The milestone comes ahead of a Sunday deadline requiring all banks and online payment systems to connect to the platform, as the nation's central bank pushes for a finger on the pulse of the world's leading digital payment sector.
Digital payment first spawned as a necessary byproduct of e-commerce, but in recent years has mushroomed at an astonishing pace. Transaction volumes in 2016 quadrupled from the previous year to reach a colossal 58.8 trillion yuan, according to figures from Beijing-based consultancy research.
Its size is expected to continue setting records, growing at over 30% in the next two years, forecasts the research firm.
Online payment has been an area that has been gone under the radar, and when users pay with their phones or on their desktops, bank information shows the third party provider as the recipient, leaving many vital details of the transaction murky.
This has allowed such payment activity to skirt the scrutiny of regulators, and as third party payments increasingly permeate everything from payment of utility bills, purchases of valuable merchandise to bank transfers, they have become a segment of finance too large to be left unexamined.
“Vast amounts of banking information have been rendered opaque to the central bank, denying the institution a full analysis of the nation’s financial data,” says Cai Kailong, co-founder of fintech industry association IFC1000. “This impedes the making of reasonable decisions for financial regulations and monetary policy, and is a road block for anti-money laundering campaigns,” he says.
Authorities have required that all third-party payment transactions will be channeled through the new clearing platform starting June 30 next year.
Alipay and Tenpay, the two payment behemoths which account for a combined 95 percent of China's online payment market, connected with the clearing house this spring in trail run, less than a year after the blueprint for the platform was approved by the central bank in August 2016.
These two main players became guinea pigs for the platform, not merely out of duty, but also out of a vested interest.

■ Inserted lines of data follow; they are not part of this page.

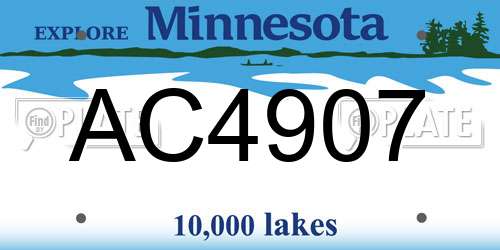 AC4907 Minnesota License Plate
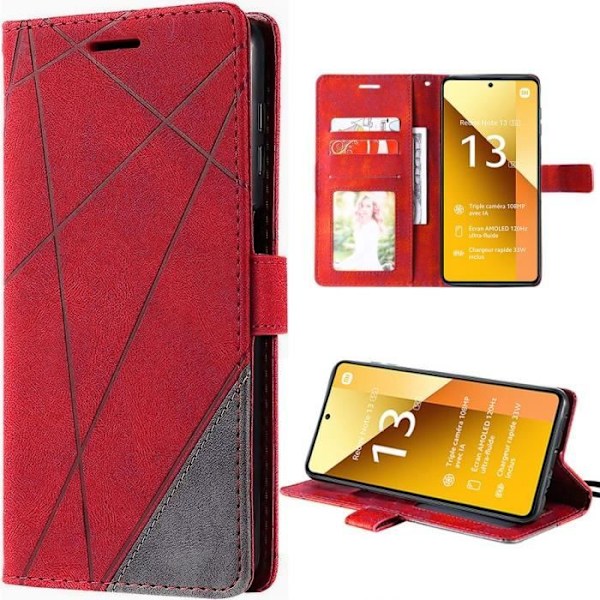 Etui til Xiaomi Redmi Note 13 5G (ikke til 4G) - Elegant etui med lædereffektmønster Rød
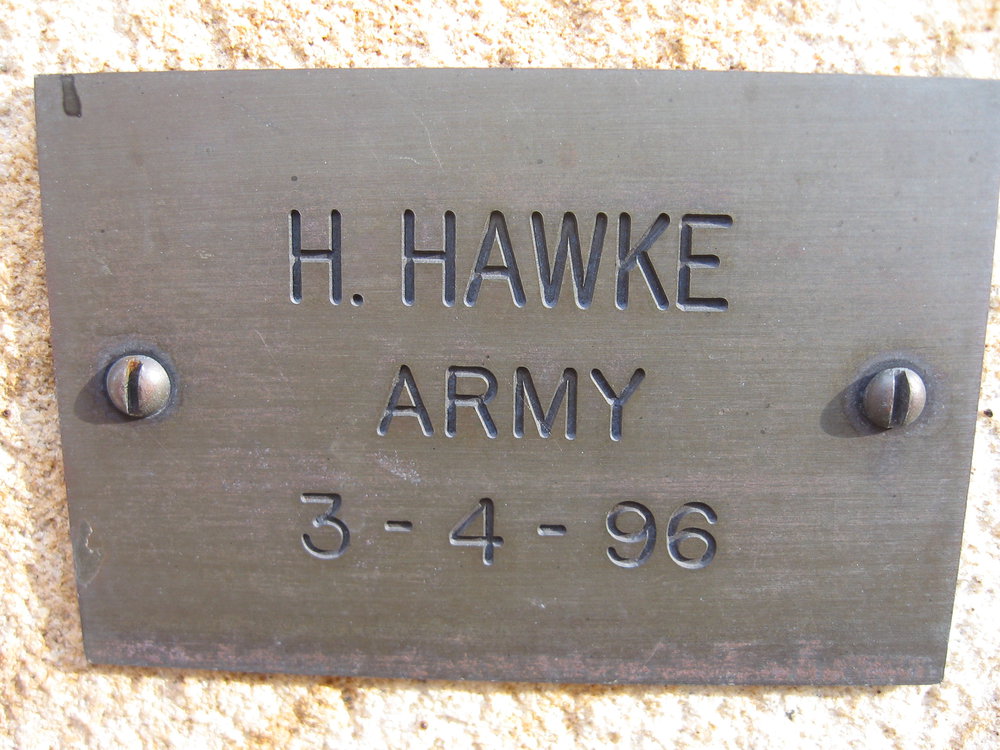 Plaque - Hawke, Harold John (Army)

Both Alipay, affiliated with e-commerce giant Alibaba, and Tenpay, owned by Tencent are stakeholders in the new platform, each holding a 10% investment.
The two follow behind the central bank, with over 30% stake, as the largest investors behind the clearing house.
Apart from an added layer of safety, the average consumer will hardly be able to tell the difference in the form in increased transaction charges as the central clearing house does not seek a profit through additional fees, says Cai.